PROMPT: Every line of the data below should be printed exactly. Nothing may be dropped.

Caption-style text data:
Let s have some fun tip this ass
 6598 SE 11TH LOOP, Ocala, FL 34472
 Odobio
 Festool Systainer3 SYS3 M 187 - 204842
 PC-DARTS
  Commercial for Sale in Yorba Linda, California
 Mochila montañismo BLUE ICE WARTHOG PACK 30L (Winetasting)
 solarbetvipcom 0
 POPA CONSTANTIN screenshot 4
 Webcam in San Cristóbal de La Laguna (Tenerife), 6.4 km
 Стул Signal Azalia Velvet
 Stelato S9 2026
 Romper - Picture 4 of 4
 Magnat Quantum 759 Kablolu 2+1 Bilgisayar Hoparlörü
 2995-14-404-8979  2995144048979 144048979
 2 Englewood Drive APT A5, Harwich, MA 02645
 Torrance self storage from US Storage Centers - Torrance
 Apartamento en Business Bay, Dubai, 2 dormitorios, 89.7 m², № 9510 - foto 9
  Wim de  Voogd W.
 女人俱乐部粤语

COMPLETED EXERCISE:
Let s have some fun tip this ass
 6598 SE 11TH LOOP, Ocala, FL 34472
 Odobio
 Festool Systainer3 SYS3 M 187 - 204842
 PC-DARTS
  Commercial for Sale in Yorba Linda, California
 Mochila montañismo BLUE ICE WARTHOG PACK 30L (Winetasting)
 solarbetvipcom 0
 POPA CONSTANTIN screenshot 4
 Webcam in San Cristóbal de La Laguna (Tenerife), 6.4 km
 Стул Signal Azalia Velvet
 Stelato S9 2026
 Romper - Picture 4 of 4
 Magnat Quantum 759 Kablolu 2+1 Bilgisayar Hoparlörü
 2995-14-404-8979  2995144048979 144048979
 2 Englewood Drive APT A5, Harwich, MA 02645
 Torrance self storage from US Storage Centers - Torrance
 Apartamento en Business Bay, Dubai, 2 dormitorios, 89.7 m², № 9510 - foto 9
  Wim de  Voogd W.
 女人俱乐部粤语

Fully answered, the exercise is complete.